Porque el Papa no deja a nadie indiferente. No es un ilustre hués-ped que nos honre con su presencia, no es un líder político que nos venda una mercancía con fecha de caducidad, no es una “estrella” que nos divierta y nos sirva de entretenimiento. Donde el Papa está, está la Iglesia. Y la Iglesia es “el abrazo de Dios a los hombres”. ¿Hay una metáfora más lograda que ésta para designar a nuestra madre la Iglesia? Un abrazo es signo de acogida, de comprensión, de perdón, de ánimo…
Desde la tumba del Apóstol Santiago ha invitado a España y al mundo a peregrinar en la vida, que es tanto como “salir de nosotros mismos para ir al encuentro de Dios”, a esforzarnos porque “Dios vuelva a resonar bajo los cielos de Europa”, como eco de las palabras impetuosas de Juan Pablo II, dichas en el mismo lugar: “Europa, sé tú misma.
La confesión pública de la fe -en esta hora de prejuicios y complejos-, la dignidad del ser humano, la belleza como impronta de Dios, la indisolubilidad del matrimonio y la grandeza de la familia, la necesidad de que mantengamos las obras asistenciales que benefician a toda la sociedad… fueron otras afirmaciones dichas por el Papa desde el púlpito global de su magisterio.
Se trata, en definitiva, de edificar nuestro futuro “desde la verdad auténtica, desde la libertad que respeta esa verdad y nunca la hiere, y desde la justicia para todos, comenzando por los más pobres y desvalidos”…

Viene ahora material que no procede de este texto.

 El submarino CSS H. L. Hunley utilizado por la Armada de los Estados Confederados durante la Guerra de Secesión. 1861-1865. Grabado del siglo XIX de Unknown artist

Las palabras del Papa ante la basílica de la Sagrada Familia, que acababa de consagrar -según la terminología antigua— las dirigía el Santo Padre a todas las naciones -empezando por la nuestra-, a los que pisan la tierra con la esperanza puesta en el cielo, un cielo recortado en Barcelona por las agujas del templo de Gaudí.
Todo ha salido a pedir de boca. La organización (los jóvenes que se han dejado la piel en los preparativos del viaje), la estética de los altares, las ceremonias, la respuesta de los fieles, los coros y las orquestas, hasta la meteorología.
Algunas nubes oscuras amenazaban con mojarnos, pero todo quedó en un amago. No llovió, ni siquiera en Santiago, que es lo suyo.
Creo que es de justicia subrayar que en esta ocasión el Gobierno ha estado a la altura de la circunstancias.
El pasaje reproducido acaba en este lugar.